■ **Work task**:
Only the closing stretch of the material is wanted: the line containing "Your vegan food" and every line after it, transcribed exactly.

■ **Records shown**:

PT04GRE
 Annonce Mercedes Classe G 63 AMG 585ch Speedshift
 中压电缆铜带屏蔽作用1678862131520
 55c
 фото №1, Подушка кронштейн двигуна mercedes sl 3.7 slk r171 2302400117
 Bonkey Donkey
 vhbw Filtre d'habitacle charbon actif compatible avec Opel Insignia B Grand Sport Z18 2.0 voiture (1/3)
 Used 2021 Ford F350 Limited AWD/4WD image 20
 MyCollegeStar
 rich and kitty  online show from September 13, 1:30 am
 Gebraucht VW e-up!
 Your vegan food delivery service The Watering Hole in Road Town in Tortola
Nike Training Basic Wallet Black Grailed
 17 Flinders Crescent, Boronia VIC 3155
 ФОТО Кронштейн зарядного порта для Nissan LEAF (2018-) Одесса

■ **Written answer**:
 Your vegan food delivery service The Watering Hole in Road Town in Tortola
Nike Training Basic Wallet Black Grailed
 17 Flinders Crescent, Boronia VIC 3155
 ФОТО Кронштейн зарядного порта для Nissan LEAF (2018-) Одесса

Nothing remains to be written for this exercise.